§ Task directions
For this exercise, copy exactly the lines below from the one with "Etichetta energetica Samsung" through the one with "Women's Temp-iQ® 365" and leave out the pictures.

§ Provided data
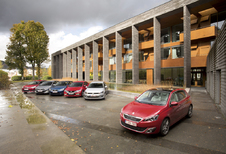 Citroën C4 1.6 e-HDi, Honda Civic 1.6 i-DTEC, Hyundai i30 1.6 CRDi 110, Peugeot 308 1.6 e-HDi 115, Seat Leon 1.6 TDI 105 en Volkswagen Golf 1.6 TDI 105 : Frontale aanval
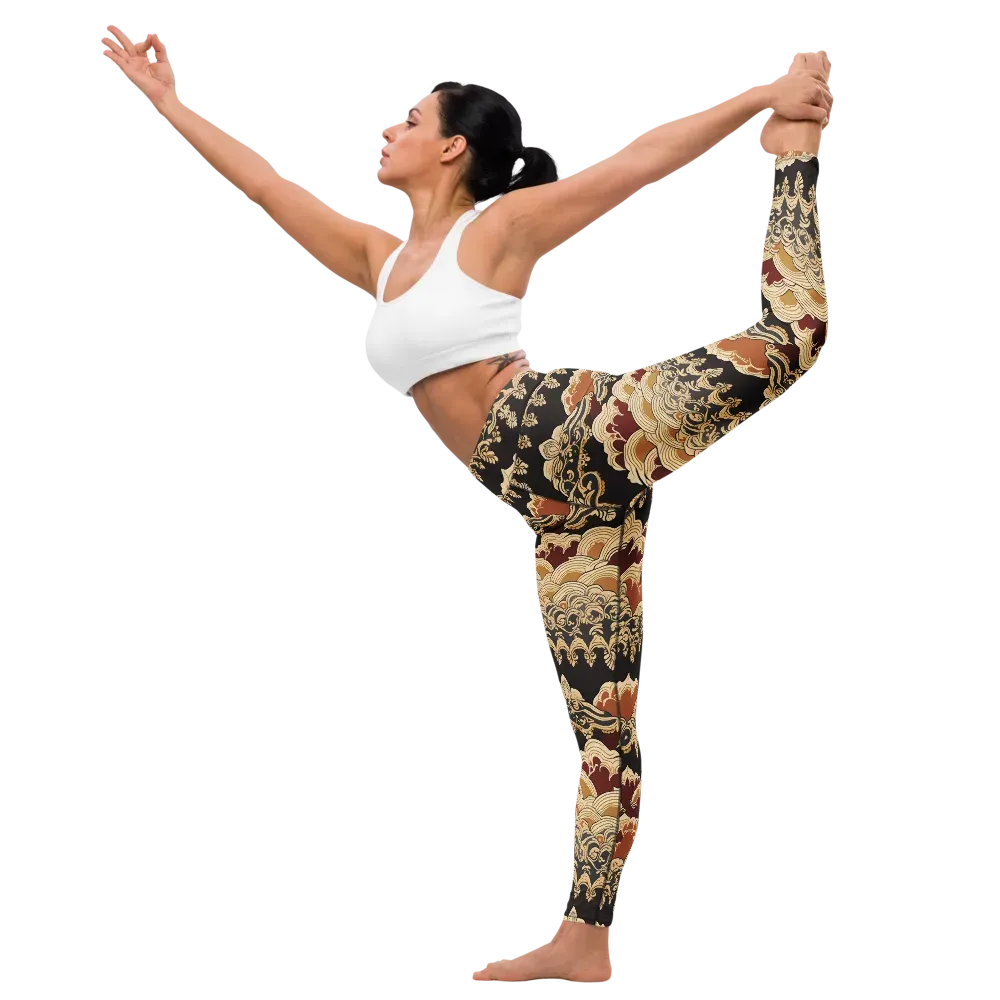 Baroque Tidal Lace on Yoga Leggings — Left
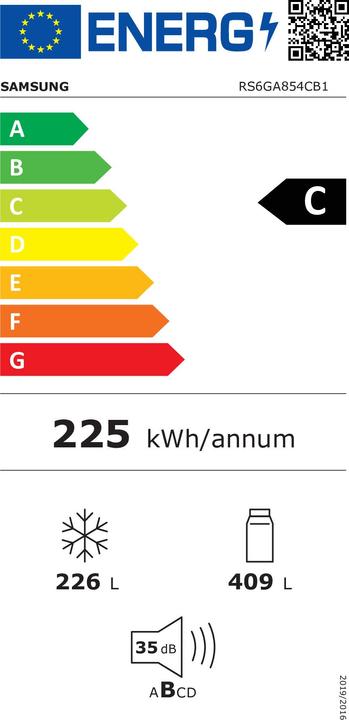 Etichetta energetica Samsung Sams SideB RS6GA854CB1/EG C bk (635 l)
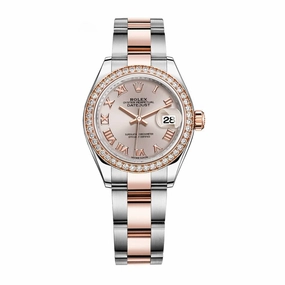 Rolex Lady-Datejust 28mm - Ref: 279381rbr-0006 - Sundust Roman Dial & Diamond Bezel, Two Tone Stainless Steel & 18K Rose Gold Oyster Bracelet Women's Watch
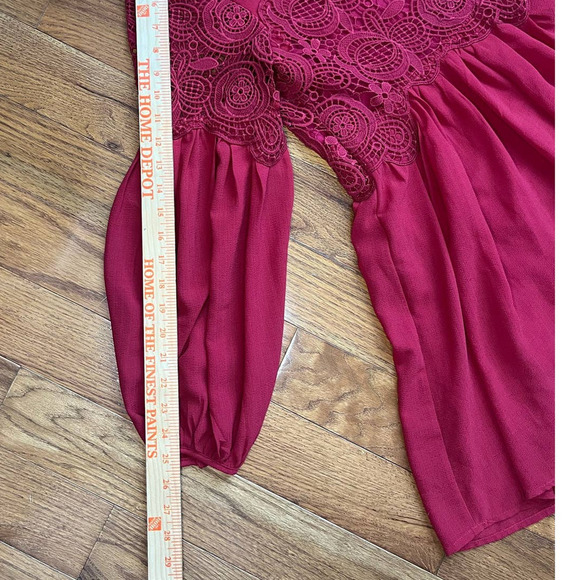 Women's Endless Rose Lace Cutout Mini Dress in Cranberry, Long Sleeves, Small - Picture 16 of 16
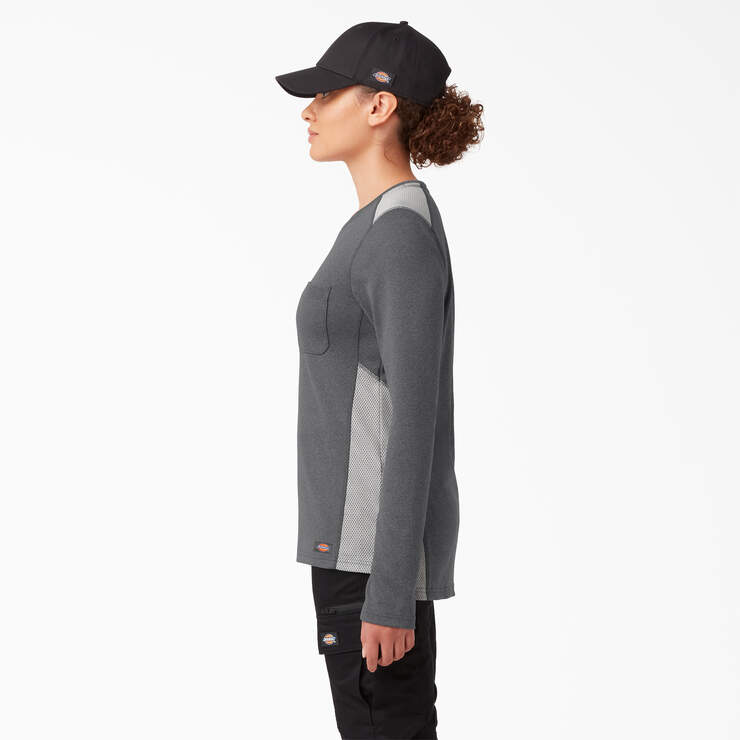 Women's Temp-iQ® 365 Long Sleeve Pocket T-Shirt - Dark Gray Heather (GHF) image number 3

* * *

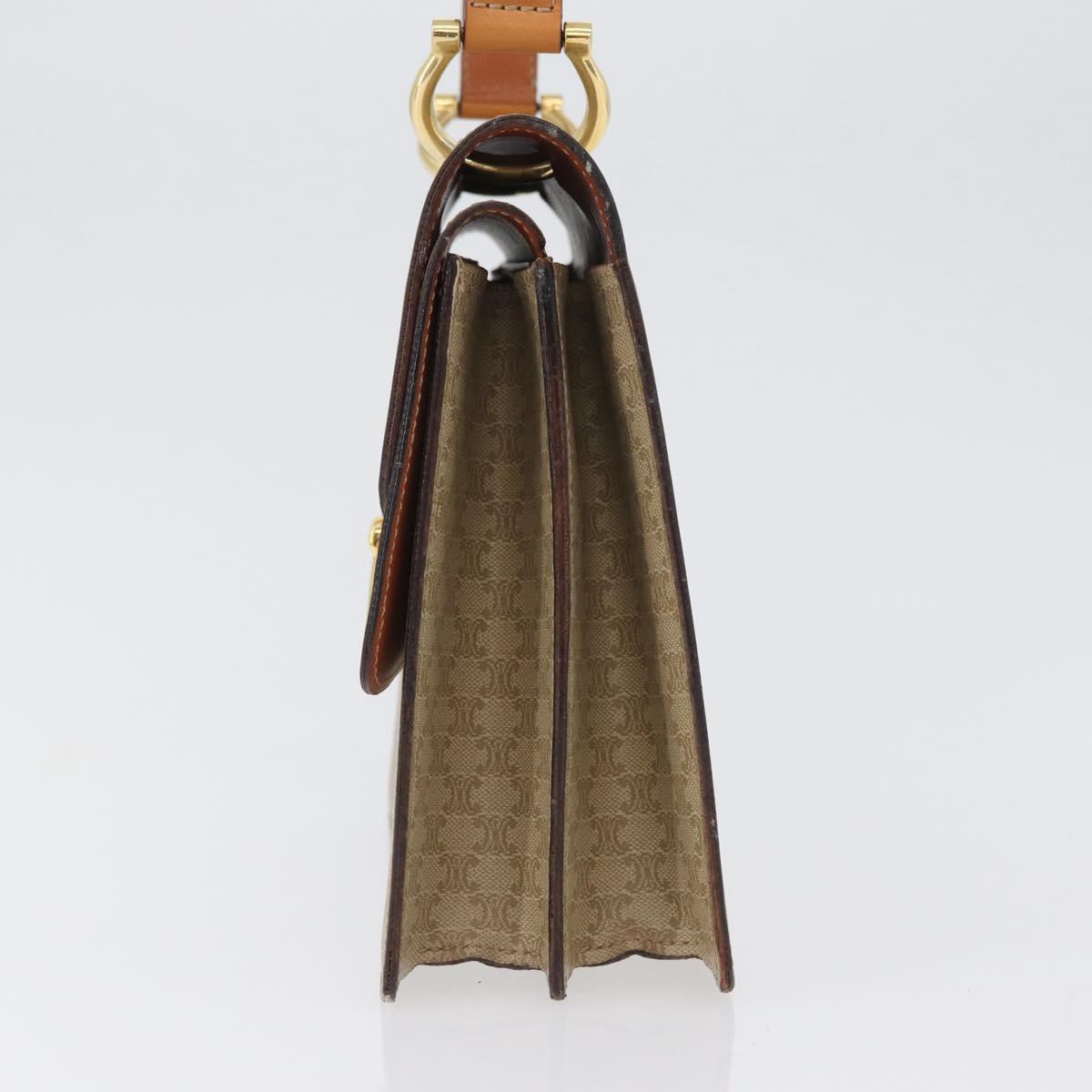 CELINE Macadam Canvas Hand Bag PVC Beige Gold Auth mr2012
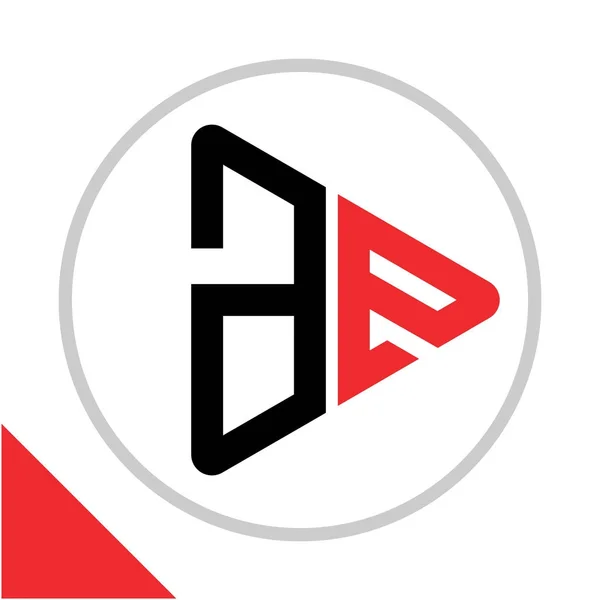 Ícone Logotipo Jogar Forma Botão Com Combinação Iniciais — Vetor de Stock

--

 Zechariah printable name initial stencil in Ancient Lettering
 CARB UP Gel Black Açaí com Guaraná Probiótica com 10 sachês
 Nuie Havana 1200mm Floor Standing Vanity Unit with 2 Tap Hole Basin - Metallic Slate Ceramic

§ Solution
 Etichetta energetica Samsung Sams SideB RS6GA854CB1/EG C bk (635 l)
 Rolex Lady-Datejust 28mm - Ref: 279381rbr-0006 - Sundust Roman Dial & Diamond Bezel, Two Tone Stainless Steel & 18K Rose Gold Oyster Bracelet Women's Watch
 Women's Endless Rose Lace Cutout Mini Dress in Cranberry, Long Sleeves, Small - Picture 16 of 16
 Women's Temp-iQ® 365 Long Sleeve Pocket T-Shirt - Dark Gray Heather (GHF) image number 3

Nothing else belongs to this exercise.